### Supplied data:
┌──
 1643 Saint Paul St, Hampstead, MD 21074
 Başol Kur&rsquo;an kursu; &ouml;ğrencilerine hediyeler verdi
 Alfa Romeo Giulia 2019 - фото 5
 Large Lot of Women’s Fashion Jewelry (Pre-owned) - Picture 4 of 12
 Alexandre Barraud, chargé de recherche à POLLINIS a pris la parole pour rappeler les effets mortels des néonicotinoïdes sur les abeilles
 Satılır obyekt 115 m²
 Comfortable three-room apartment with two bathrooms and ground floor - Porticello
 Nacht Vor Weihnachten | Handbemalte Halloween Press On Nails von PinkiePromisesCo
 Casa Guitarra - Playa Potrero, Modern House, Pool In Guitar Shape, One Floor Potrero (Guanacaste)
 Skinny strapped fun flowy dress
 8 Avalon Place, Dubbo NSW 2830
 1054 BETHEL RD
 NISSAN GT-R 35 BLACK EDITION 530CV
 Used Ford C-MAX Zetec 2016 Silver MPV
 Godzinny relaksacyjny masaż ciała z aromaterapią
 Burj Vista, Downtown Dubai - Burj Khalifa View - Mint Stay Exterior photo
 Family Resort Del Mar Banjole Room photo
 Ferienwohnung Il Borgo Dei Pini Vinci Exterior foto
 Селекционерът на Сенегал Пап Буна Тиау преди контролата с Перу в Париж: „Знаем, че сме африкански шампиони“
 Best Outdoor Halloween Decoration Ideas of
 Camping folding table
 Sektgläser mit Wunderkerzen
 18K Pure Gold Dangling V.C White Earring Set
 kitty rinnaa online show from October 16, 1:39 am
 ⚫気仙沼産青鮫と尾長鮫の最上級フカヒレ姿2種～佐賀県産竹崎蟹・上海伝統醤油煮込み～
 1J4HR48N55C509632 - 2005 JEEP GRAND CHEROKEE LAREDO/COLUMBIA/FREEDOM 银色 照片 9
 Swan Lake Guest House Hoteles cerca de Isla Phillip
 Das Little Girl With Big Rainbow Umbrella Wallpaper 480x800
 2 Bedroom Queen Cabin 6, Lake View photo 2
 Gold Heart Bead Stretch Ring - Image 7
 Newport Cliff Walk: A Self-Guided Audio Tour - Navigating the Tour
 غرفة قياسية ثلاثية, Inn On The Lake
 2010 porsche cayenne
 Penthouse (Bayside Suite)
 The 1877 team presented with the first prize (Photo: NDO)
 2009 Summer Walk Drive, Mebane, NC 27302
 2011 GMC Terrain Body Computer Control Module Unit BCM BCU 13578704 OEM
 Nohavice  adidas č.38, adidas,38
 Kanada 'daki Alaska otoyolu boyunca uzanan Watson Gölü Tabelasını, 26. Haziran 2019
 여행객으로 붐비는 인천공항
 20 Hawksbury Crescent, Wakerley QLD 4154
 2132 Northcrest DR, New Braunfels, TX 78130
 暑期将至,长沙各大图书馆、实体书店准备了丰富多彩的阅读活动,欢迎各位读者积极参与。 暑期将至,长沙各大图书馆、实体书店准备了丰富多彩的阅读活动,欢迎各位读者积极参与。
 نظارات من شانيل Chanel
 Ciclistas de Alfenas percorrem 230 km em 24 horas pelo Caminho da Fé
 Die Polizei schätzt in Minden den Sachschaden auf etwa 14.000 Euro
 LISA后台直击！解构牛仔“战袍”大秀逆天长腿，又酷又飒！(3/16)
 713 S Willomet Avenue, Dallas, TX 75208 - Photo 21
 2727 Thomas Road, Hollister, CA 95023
└──
Say the number of lines in the entries that have the string "Walk", and only that.

2